You’re in one of two places Saturday 19th August, hooking into the five-foot swell under the blue sky of winter or charging in through the gates of Gold Coast’s Shakafest. The festival’s inaugural year was a hard act to follow, however with Grinspoon as headliners we found Miami Tavern’s car-park a sold-out swelter thanks to Rabbit Radio, Fiik Electric Skateboards and Wedge Head Events. Surf rock, hip-hop, grunge and progressive rock are well at home in the Gold Coast’s heat, and to complement, as is the 8-foot vert’ ramp lingering in the background. As the PA signals the final moments of sobriety, the Dickies, Fiik, Sk8sox & RedBull skate teams are letting fly an arsenal fit for the Park Series. With Aimee Massie, Aussie Phil and Ian ‘Eithy’ Davidson shredding early we were left with a flavor that promised more as the first chord struck home from the main stage.

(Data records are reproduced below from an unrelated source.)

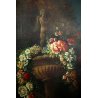 GRANDE QUADRO OLIO NATURA MORTA con PAESAGGIO GIARDINO BAROCCO FIORI FRUTTA '800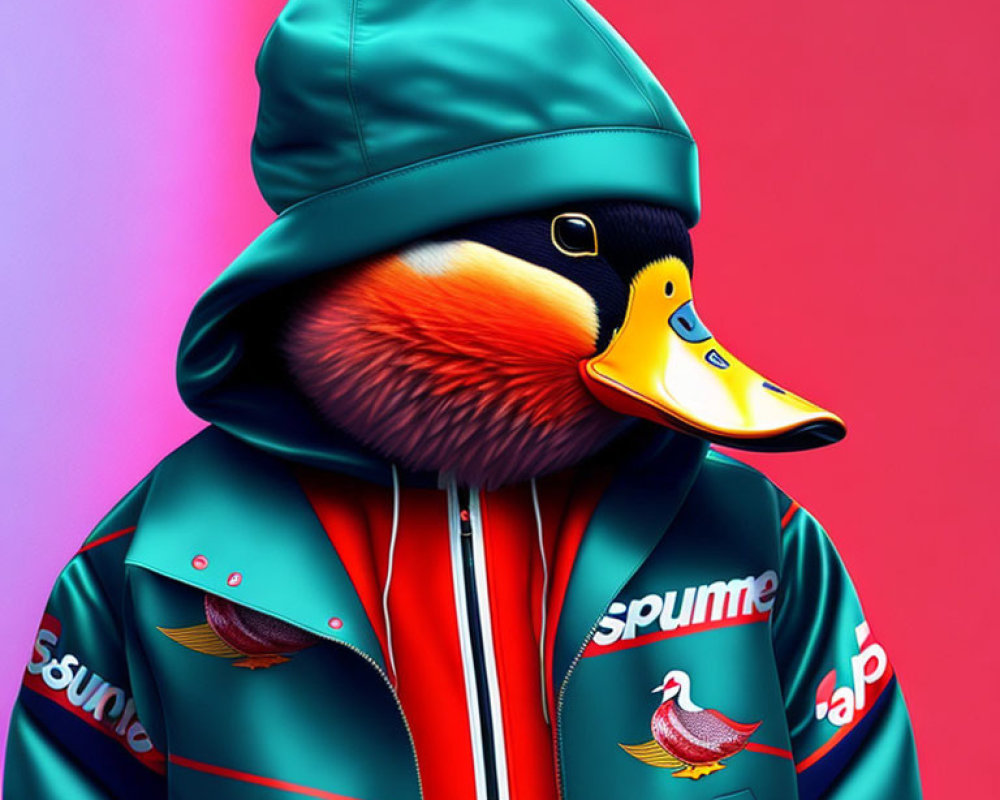 Colorful digital artwork: Duck head on human body in teal hoodie and red jacket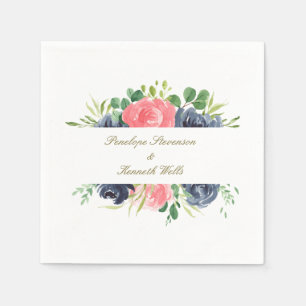 Rustic Pink Navy Rose Floral Frame Custom Wedding Napkins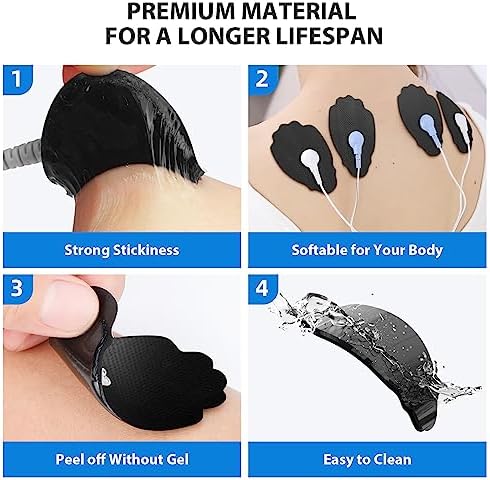 TENS Unit Electrode Pads NURSAL 20 Pack 3.5mm Snap EMS Replacement Pads for Electrotherapy Reuse More Than 30 Times, Compatible with MEDVICE,Belifu TENS Machine - Image 6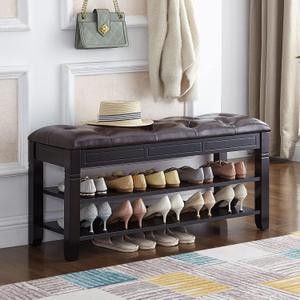 Shoe Storage Bench with Cushion, Entry Bench with Storage Solid Wood Shoe Bench Ideal for Entryway Living Room and Corridor (Black, 39.4'')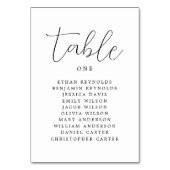 Numéro De Table Calligraphie simple Mariage rustique (Dos)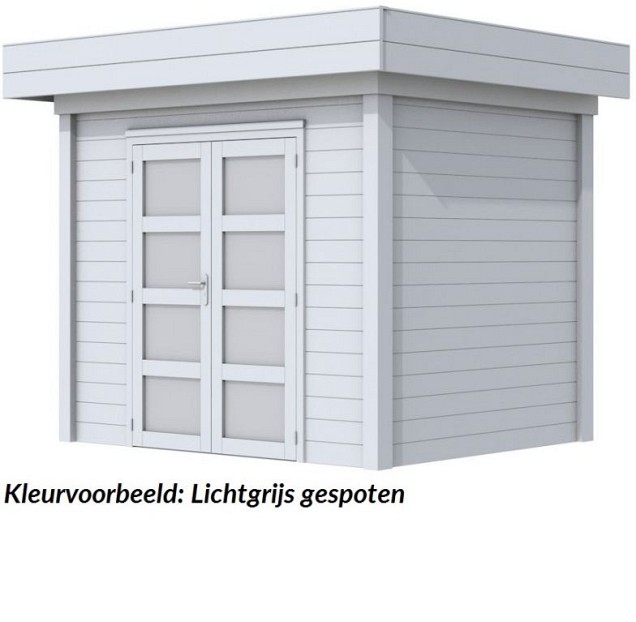 Tuinhuis Tapuit 300x300cm met Luifel 300cm, lichtgrijs gespoten.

Gold Coast natives Radolescent kick off the day with hard-riffing guitar heroics. A modest crowd shuffles about the stage, early birds with early beers. The trio of surf punks burn through insolent numbers from their debut Ep Scrape Ya Plate. “Look where we live this is sick!” frontman Isaac Atkinson exclaims, gesturing toward the creative conversion of his Shakafest surrounds.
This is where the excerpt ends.